Don't discount the safety issues with high voltage.
The "experts" who look at only part of the problem will call me an idiot,
because 200V probably won't kill you.
Two problems with that..."probably" is great for statistics, but
provides little solace to your family when you're the ONE who died.
And B, the shock isn't the only problem.
I've got scars where the muscle contractions that thru me across the
room caused me to rip my arm open on some sharp object in the path.
Luckily, I haven't fallen and cracked my head open on the furniture...
yet...

Eye Protection is a MUST. Sparks fly.

[William Sommerwerck]

Fine. Nothing new. But why the high voltage?

[Phil Allison]

"William Sommerwanker the Over Snipper form HELL "

> Fine. Nothing new.


** All new to YOU fuckhead.

> But why the high voltage?

** When on charge - point 1 applies.

Cease charge the pack and the voltage drops almost immediately.

V = I x R ..........

Wot an idiot.



.... Phil

[Dave M]

William Sommerwerck wrote:
> "Dave M" wrote in message
> news:7-GdnRWXTpL1fVPP...@giganews.com...
>
>

>> There have been several procedures published on the net as to how to
>> remove dendrites (search for "nicad dendrites"). One process involves
>> charging a large electrolytic capacitor (eg, 500uF) to a few hundred
>> volts, discharging it through the bad cell, then running the cell
>> through a couple of charge/discharge cycles.
>
> I assume the discharge is + to +.
>
>
>> I built a little box for this process several years ago, and it
>> seems to work.
>> It consists of a transformer, a voltage doubler, and a large
>> capacitor.
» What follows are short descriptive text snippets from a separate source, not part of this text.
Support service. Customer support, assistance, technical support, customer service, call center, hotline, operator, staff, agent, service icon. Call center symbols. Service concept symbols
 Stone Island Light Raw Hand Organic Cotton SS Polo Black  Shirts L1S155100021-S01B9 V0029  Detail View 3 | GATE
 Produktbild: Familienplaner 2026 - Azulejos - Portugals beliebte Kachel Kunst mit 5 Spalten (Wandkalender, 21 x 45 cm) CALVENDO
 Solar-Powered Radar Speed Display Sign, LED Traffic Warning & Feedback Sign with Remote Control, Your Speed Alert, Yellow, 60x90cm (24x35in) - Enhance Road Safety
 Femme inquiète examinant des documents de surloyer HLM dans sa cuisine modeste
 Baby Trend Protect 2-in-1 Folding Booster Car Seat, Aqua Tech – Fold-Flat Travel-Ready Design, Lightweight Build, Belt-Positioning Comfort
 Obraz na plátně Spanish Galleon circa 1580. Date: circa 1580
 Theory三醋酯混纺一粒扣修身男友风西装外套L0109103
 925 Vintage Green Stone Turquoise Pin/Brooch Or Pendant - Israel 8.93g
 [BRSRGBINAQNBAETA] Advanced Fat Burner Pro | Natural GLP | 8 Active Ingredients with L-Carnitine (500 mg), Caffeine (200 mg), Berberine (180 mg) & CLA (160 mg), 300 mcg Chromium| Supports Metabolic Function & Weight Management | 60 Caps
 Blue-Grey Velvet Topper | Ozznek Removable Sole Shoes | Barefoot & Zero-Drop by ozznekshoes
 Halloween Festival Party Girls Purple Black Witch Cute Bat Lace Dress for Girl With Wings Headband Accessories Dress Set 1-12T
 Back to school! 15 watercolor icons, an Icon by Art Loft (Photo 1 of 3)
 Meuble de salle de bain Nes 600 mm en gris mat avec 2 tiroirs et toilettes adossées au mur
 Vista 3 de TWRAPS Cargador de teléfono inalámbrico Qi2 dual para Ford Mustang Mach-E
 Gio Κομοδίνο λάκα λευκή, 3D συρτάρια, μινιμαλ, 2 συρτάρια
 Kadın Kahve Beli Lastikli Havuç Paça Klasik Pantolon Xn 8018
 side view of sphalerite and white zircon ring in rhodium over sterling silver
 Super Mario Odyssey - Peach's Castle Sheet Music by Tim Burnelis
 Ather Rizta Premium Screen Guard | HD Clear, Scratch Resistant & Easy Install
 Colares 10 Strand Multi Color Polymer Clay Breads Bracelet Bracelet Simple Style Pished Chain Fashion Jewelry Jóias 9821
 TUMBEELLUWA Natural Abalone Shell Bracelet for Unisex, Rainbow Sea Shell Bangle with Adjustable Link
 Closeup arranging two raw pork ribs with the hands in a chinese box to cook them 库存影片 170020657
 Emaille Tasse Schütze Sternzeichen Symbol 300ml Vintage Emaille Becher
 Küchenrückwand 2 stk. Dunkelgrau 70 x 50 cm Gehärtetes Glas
A push-button switch triggers an SCR that lets the capacitor
>> discharge into the bad cell (sort of like a one-shot CD ignition).
>
>
> I'll give this serious thought. The worst that can happen is that the
> battery is ruined. (!!!) Thanks.

Yes, + to + on the CD pulse and normal charge/discharge.

Dave M

[William Sommerwerck]

"Phil Allison" wrote in message news:bj9tfj...@mid.individual.net...

> Fine. Nothing new.

** All new to YOU, fuckhead.

I've killed men for less than that.

I wasn't expecting you to repeat common knowledge about rechargeable
batteries.

> But why the high voltage?

** When on charge - point 1 applies.

** Cease charge the pack and the voltage drops almost immediately.
** V = I x R ..........
** Wot an idiot.

You don't see it, do you? Of course not.

The same thought crossed my mind. The question is... why should a cell's
voltage -- which is supposedly determined by the battery's chemistry --
essentially double (assuming only one cell is bad)? Why should the cell become
a sort of electrochemical chameleon, trying to match the voltage across it?

[Phil Allison]

"William Sommerwanker"

>> Fine. Nothing new.
>
> ** All new to YOU, fuckhead.
>
> I've killed men for less than that.

** Another idiotic lie.

> I wasn't expecting you to repeat common knowledge about rechargeable
> batteries.

** And I didn't.

To your claim of "odd battery problem" - I replied:
--------------------------------------------------------------------------------

You are describing the standard "old age" failure mode of most NiCds.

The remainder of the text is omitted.